Des sources saoudiennes interrogent l’identité d’entrée de l’ancien ambassadeur iranien

Des sources saoudiennes interrogent l’identité d’entrée de l’ancien ambassadeur iranien

Des sources saoudiennes ont indiqué à Al Arabiya Net que le nom de Ghazanfar Abadi, ancien ambassadeur iranien au Liban, ne figurait ni dans les registres d’entrée de cette saison du Hajj ni sur les listes de pèlerins. S’il était bien présent, elles estimaient son mode d’entrée inconnu, faute d’enregistrement ou de tampon sous son nom et son statut habituels.

Les informations sur Ghazanfar Roknabadi étaient contradictoires : certains le disaient disparu après la bousculade de Mina, d’autres légèrement blessé. Plus de 750 pèlerins sont morts le premier jour de l’Aïd Al-Adha.

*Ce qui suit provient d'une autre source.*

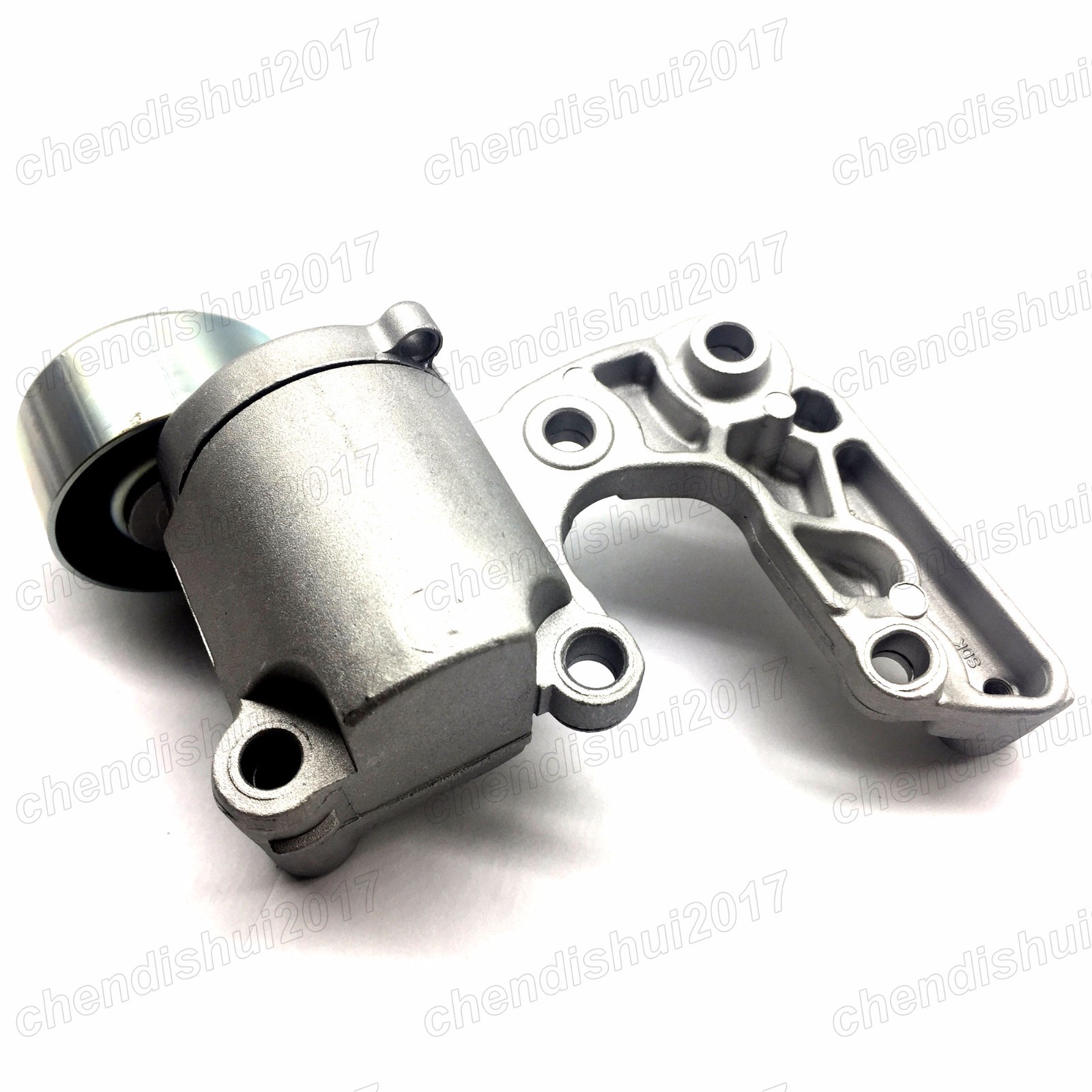 Serpentine Drive Belt Tensioner for 0615 Toyota Mark X Lexus IS250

Des responsables iraniens et sa famille ont confirmé qu’il accompagnait les pèlerins. Son frère Morteza a déclaré : « Nous le cherchons depuis jeudi soir, sans résultat. » Son téléphone ne répondait pas aux appels répétés.

À l’inverse, l’analyste Amir Mousavi a affirmé à une agence que ses blessures étaient superficielles. Selon lui, son épouse à Téhéran et son frère à La Mecque avaient confirmé qu’il allait bien et que sa santé n’inquiétait pas.

Le ministère iranien n’avait fait aucun commentaire officiel. Roknabadi fut ambassadeur à Beyrouth de 2010 à 2014 et joua un rôle auprès des partis pour former un gouvernement consensuel. Proche du Hezbollah, il avait survécu au double attentat-suicide contre l’ambassade en 2013.